International Journal of Computer Applications |
Foundation of Computer Science (FCS), NY, USA |
Volume 122 - Number 21 |
Year of Publication: 2015 |
Authors: Mrunal V. Upasani, Rucha C. Samant |
10.5120/21848-5165 |
Mrunal V. Upasani, Rucha C. Samant . Clustering and Classification of Documents based on Meta Information using COATES and COLT Algorithms. International Journal of Computer Applications. 122, 21 ( July 2015), 15-19. DOI=10.5120/21848-5165
The side information means the meta information of the documents can be used for the purpose of data mining applications like clustering, classification etc. Huge amount of meta-information is available along with the text documents in many text mining applications.

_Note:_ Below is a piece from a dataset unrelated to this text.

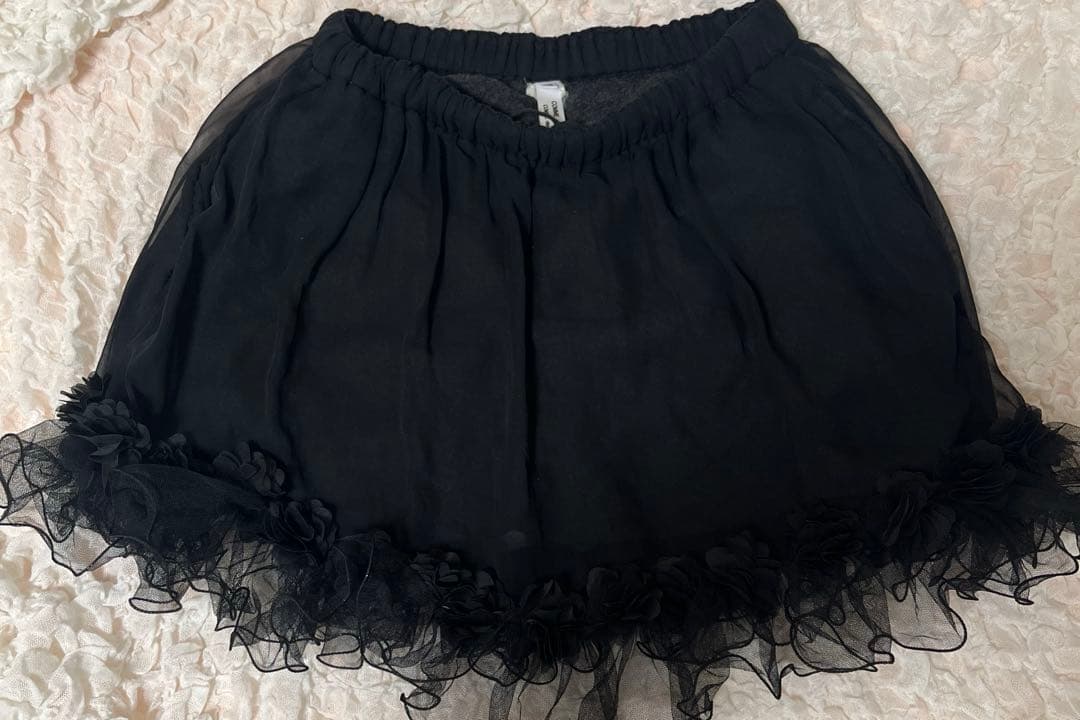 コムデギャルソンリメイク フリル付き黒シフォンミニスカート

Such meta-information is of different kinds, likes links in the document, user-access behavior from web logs etc. which can be useful for data mining. Tremendous amount of information can be found in this unstructured attributes for clustering purposes. Therefore, this system used an approach which carefully ascertains the coherence of the clustering characteristics of the meta information with that of the text content. For improving the quality of the clustering both the text data and meta information is helpful. In this system, the design of an algorithm which combines classical partitioning algorithms with probabilistic models in order to create an effective clustering approach using meta information present in document was performed. Then it shows how to extend the clustering approach to the classification problem. COATES and COLT algorithm for clustering and classification of text data along with the meta information are used and it shows the advantages of using such an approach.